## Data under study:
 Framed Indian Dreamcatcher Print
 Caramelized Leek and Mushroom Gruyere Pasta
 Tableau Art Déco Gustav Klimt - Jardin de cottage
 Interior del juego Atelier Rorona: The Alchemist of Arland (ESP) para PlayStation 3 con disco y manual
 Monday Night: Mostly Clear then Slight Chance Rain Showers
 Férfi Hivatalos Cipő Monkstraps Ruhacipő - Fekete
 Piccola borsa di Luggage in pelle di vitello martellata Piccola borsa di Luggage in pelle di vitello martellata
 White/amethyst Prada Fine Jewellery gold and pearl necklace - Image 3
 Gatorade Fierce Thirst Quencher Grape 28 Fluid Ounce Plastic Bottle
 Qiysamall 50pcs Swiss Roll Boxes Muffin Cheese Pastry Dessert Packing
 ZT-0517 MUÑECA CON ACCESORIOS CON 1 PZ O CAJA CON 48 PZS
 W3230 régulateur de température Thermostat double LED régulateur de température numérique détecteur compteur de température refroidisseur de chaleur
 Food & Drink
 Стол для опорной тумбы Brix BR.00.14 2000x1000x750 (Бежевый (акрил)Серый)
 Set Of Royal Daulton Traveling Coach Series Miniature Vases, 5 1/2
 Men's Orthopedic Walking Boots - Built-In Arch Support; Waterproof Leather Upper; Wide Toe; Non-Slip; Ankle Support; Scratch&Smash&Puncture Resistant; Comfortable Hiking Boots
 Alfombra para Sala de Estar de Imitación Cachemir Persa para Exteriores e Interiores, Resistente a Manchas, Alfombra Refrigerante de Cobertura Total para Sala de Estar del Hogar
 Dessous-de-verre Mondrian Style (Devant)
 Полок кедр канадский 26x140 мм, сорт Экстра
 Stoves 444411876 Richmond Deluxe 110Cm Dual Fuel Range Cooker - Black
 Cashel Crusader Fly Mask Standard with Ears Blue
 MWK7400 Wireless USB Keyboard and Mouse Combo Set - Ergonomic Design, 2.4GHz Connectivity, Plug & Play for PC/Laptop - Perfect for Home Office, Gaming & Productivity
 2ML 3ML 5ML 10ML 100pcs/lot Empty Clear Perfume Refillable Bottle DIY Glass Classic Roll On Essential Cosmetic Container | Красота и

## Exercise objective:
Copy range, inclusive: the line holding "ZT-0517 MUÑECA CON" to the line holding "Food & Drink". Reproduce exactly those lines of the records above and no others.

## Written solution:
 ZT-0517 MUÑECA CON ACCESORIOS CON 1 PZ O CAJA CON 48 PZS
 W3230 régulateur de température Thermostat double LED régulateur de température numérique détecteur compteur de température refroidisseur de chaleur
 Food & Drink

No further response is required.